Archers are the starting class for those who prefer to pelt their enemies from afar with a rain of arrows. Archers in Tree of Savior can draw and loose their bows while moving.

Tropes associated with Archers:

  • Archer Archetype
  • Bottomless Magazines: Be it a bow, a gun, or a cannon. Archers never seem to run out of arrows. Save for a few special ammunitions.
  • Chained Heat: Full Draw will fully penetrate an enemy and skewer them to another nearby enemy, leaving them temporarily stuck together.
  • Long-Range Fighter: An Archer's primary defense is distance from their target.
  • Pinball Projectile: Using Oblique Shot will cause the arrow to glance off of the target and damage a single nearby enemy as well.
  • Multishot: Twin Arrow lets an Archer fire two arrows at once.
  • Rain of Arrows: Although Archers have a skill called Multi Shot, it involves rapidly shooting a number of arrows after a charge period.
  • Stance System: Using Kneeling Shot will cause an Archer to assume a kneeling position that increases range and damage, but sacrifices mobility.

Ranger
https://static.tvtropes.org/pmwiki/pub/images/tos_ranger.png

"I heard the monsters are moving in herds outside Klaipeda. Instead of defeating them one by one, it will be better to learn my skills."

One of the classes available to Archers. Rangers specialize in attacking multiple targets at once, expanding on the Archer's skills.

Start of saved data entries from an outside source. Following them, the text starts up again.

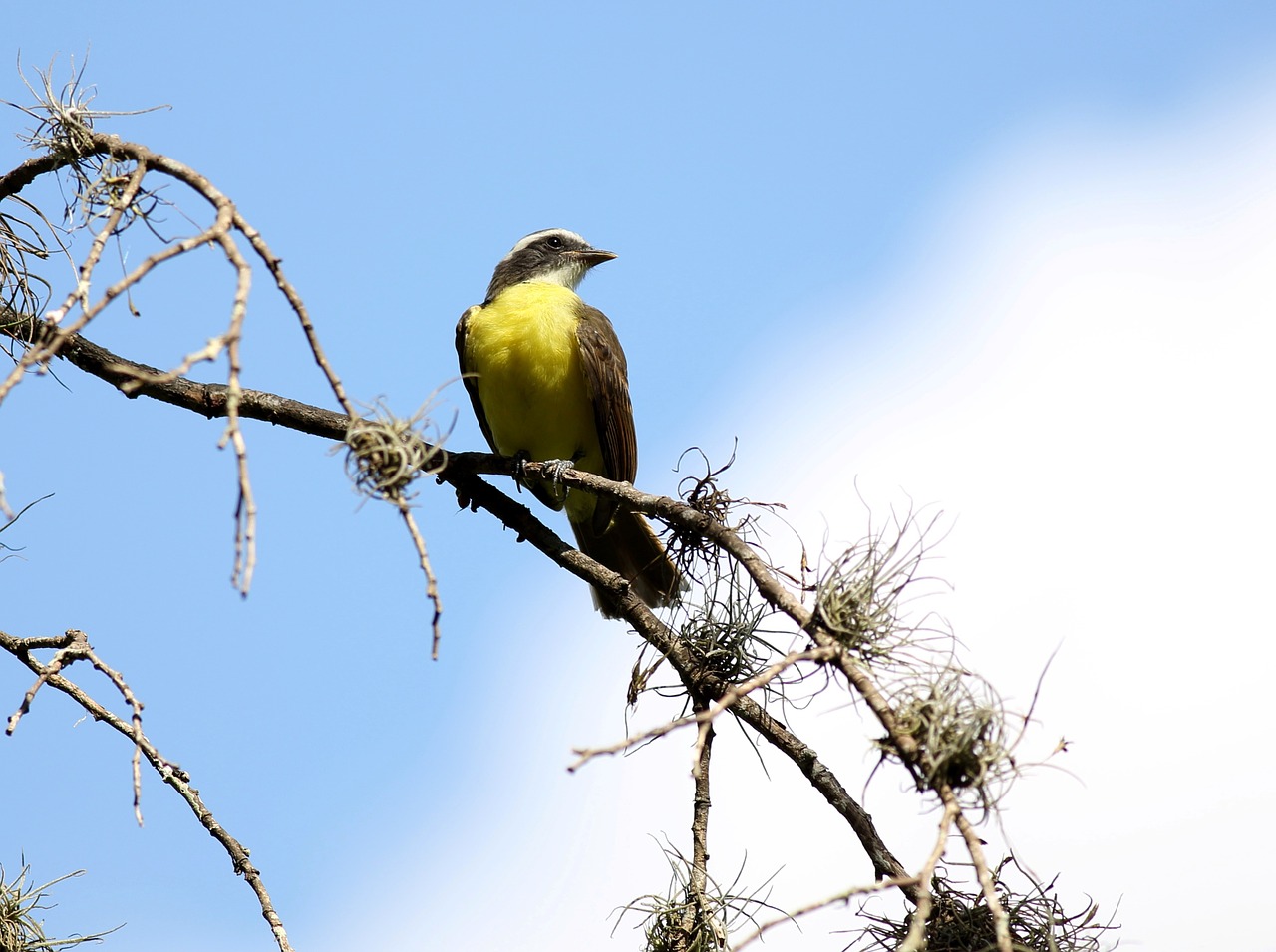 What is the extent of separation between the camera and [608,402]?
21.4 feet

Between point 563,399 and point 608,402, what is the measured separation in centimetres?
25

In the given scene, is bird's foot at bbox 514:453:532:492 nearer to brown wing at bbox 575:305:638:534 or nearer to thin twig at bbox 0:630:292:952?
brown wing at bbox 575:305:638:534

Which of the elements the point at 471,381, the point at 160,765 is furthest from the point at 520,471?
the point at 160,765

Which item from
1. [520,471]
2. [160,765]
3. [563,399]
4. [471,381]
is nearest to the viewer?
[160,765]

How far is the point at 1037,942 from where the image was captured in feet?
10.4

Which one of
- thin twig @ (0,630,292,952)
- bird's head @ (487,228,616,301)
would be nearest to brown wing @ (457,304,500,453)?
bird's head @ (487,228,616,301)

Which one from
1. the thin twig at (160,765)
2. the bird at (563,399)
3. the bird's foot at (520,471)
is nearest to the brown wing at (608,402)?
the bird at (563,399)

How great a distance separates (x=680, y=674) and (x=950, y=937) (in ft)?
3.60

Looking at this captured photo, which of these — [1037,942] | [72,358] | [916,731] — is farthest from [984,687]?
[72,358]

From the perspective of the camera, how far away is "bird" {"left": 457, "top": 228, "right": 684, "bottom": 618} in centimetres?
645

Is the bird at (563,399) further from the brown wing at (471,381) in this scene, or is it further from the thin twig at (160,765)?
the thin twig at (160,765)

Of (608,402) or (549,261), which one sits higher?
(549,261)

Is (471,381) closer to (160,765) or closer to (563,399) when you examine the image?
(563,399)

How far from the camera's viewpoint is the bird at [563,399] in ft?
21.1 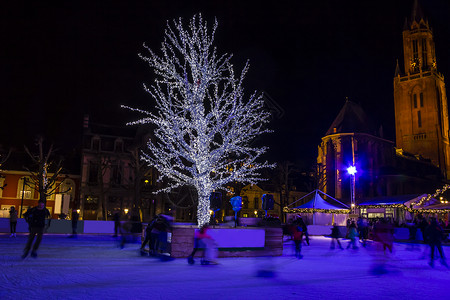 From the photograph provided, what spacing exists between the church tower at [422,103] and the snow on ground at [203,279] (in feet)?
310

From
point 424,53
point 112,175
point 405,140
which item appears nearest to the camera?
point 112,175

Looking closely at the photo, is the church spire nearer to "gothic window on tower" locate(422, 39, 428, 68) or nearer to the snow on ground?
"gothic window on tower" locate(422, 39, 428, 68)

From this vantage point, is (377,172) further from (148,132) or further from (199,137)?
(199,137)

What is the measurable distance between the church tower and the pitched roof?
23997mm

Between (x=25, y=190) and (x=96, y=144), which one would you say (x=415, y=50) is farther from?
(x=25, y=190)

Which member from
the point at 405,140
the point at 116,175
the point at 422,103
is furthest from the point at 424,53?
the point at 116,175

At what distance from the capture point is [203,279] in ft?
29.3

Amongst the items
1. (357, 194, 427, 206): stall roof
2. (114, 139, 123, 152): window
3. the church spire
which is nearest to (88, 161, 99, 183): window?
(114, 139, 123, 152): window

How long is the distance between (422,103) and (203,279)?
334 ft

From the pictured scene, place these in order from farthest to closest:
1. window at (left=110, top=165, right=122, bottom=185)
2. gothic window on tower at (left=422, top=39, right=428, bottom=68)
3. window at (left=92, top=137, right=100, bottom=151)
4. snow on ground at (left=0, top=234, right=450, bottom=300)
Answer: gothic window on tower at (left=422, top=39, right=428, bottom=68) < window at (left=92, top=137, right=100, bottom=151) < window at (left=110, top=165, right=122, bottom=185) < snow on ground at (left=0, top=234, right=450, bottom=300)

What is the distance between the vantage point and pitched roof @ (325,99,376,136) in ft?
252

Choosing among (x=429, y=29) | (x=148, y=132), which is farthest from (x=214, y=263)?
(x=429, y=29)

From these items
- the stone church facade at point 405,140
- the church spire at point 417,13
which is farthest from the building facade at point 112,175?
the church spire at point 417,13

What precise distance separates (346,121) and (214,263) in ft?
232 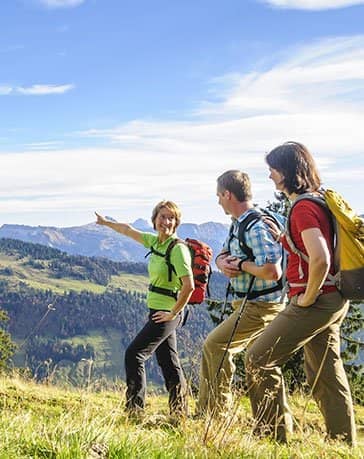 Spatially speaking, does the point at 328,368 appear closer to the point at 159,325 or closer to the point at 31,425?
the point at 159,325

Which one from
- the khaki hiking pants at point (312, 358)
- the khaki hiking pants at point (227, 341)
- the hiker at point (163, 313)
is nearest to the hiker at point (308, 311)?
the khaki hiking pants at point (312, 358)

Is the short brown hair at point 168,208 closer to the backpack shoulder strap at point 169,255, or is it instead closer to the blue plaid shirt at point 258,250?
the backpack shoulder strap at point 169,255

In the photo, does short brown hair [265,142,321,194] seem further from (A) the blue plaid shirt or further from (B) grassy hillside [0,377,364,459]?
(B) grassy hillside [0,377,364,459]

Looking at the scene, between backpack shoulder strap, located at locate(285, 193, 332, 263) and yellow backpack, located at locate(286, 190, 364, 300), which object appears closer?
yellow backpack, located at locate(286, 190, 364, 300)

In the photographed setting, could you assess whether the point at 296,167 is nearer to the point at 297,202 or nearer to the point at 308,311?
the point at 297,202

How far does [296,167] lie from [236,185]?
1.05m

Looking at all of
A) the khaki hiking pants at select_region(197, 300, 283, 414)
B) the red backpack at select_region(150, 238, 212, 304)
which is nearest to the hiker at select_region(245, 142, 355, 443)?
the khaki hiking pants at select_region(197, 300, 283, 414)

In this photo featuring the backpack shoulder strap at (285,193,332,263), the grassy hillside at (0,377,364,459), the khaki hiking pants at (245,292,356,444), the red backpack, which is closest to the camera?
the grassy hillside at (0,377,364,459)

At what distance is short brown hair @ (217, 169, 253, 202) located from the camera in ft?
21.5

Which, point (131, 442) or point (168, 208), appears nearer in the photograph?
point (131, 442)

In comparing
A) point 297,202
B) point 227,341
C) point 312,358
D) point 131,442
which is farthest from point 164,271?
point 131,442

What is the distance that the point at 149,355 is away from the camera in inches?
296

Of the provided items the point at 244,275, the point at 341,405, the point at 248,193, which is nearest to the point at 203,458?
the point at 341,405

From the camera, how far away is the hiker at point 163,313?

Tropes associated with Rangers:

  • Multishot: Barrage lays down five arrows in a forward arc.
  • One-Hit Polykill: High Anchoring causes Rangers to draw their bowstrings tighter than normal in order to send an arrow clear through a line of targets in front of them.
  • Pinball Projectile: If a Ranger kills a target with Bounce Shot, multiple arrows will bounce off to other targets.
    • Another skill, Spiral Arrow, causes an arrow to repeatedly strike the same target, bouncing off of things to come right back at the hapless foe again and again.
  • Stance System: If a Ranger uses Steady Aim, they'll trade attack speed for attack power. They can mitigate the attack speed lost by learning the right attribute.
  • Trick Arrow: Using Time Bomb Arrow will result in shooting explosive arrows that detonate after a period of time.

Quarrel Shooter
https://static.tvtropes.org/pmwiki/pub/images/tos_quarrelshooter.png

"You are easily exposed to enemy attacks when you are using a bow. So my strategy is to use anything such a as a shield or a stone to protect myself."

One of the classes available to Archers. Quarrel Shooters differ greatly from Rangers in that they not only prefer crossbows to regular bows, but also employ the use of cover and anything they can find in the field to aid them.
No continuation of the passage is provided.